⪧ We left our life in New York City to make a new one in Provence ⪦

September 13, 2009

On the bench.



Every park in Paris has free wifi. Pretty impressive and useful. The other afternoon I was sitting working on a green painted bench in a little park just next to St. Augustin (Square Marcel Pagnol). The sun was out and so were the children after school. Across from me was a Frenchman who fit the part, his cardigan sweater tied around his neck forming an odd-shaped scarf. His posture was perfect - he was a specimen who already existed in my brain, but there he was sitting on the bench. So I took his photo.



Just next to me was this gal (above). She arrived looking as scowly as her tangled hair, sat down inspecting everyone around her (scowled at my bare feet) and then proceeded to lie down along the entire length of a bench and refused to budge when other bench-seekers appeared.



Then appeared sneakers. She was 7. She had a knotty ponytail, a unique way of tying her converses and the abandon of a girl still free from the confines of girlhood. I love girls at that age. I mourn for what they sometimes become and for what they leave behind. Sneakers took it upon herself to cook up an obstacle course and to convince all the other 7 year-olds to follow her act. First they ran frantic circles in the grass. Next it was the benches. They would run in a line to the benches, hop with both feet from the ground onto the seat of the bench and then with both feet again onto the back of the bench and then leap and tumble onto the grass.

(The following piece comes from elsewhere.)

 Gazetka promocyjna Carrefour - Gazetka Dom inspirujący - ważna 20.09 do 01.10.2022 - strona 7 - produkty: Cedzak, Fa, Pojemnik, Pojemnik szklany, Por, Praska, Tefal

Needless to say, the benches reverberated as a result. I was really taken by her - basically, I wanted to be her friend. First, it was her charisma - she had a long chain of kids following her, and second, it was the routine itself. I sat there smiling. But old scowly on my left was not won over. Not in the least. Every time the girls came to the bench portion of the obstacle course, scowly would let out a loud puff of air in the form of a complaint. She would even have little conversations with herself...starting phrases like "Mais quand même, eh!..." and "Ces petites filles qui..." and "Les parents sont...?" and then she would trail off having aired her opinion just enough to satisfy. She never directly talked to sneakers and her gang, asking them to maybe stop or consider the people sitting on the benches. I think her approach was more enjoyable to her. Bask in the discomfort and earn the claim to complain. She secretly loved what they were doing.

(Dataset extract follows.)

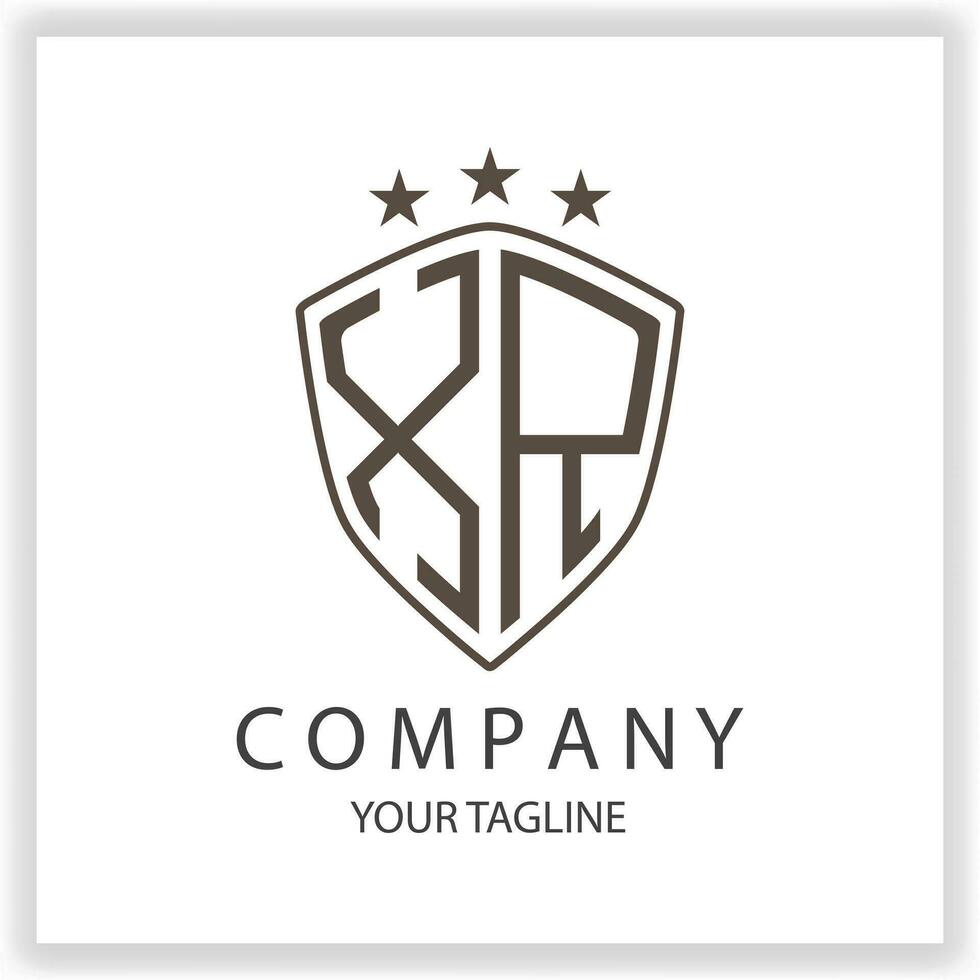 XR Logo monogram with shield shape isolated black colors on outline design template premium elegant template vector eps 10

And then it was the lovely Mr. in his suit playing ping pong presumably with his grandkids. Very charming indeed.

3 comments:

Rosie said...

Children seem to be able to live like the rest of the world wishes it could! I am a little surprised you didn't join in, Em.

Xavier said...

I love the action there...the Grand-Father truly rocked there too!

Easy French Food said...

I just happened by and couldn't stop reading and looking. One stop and I'm addicted. Your blog is super fun - I'm bookmarking. Merci!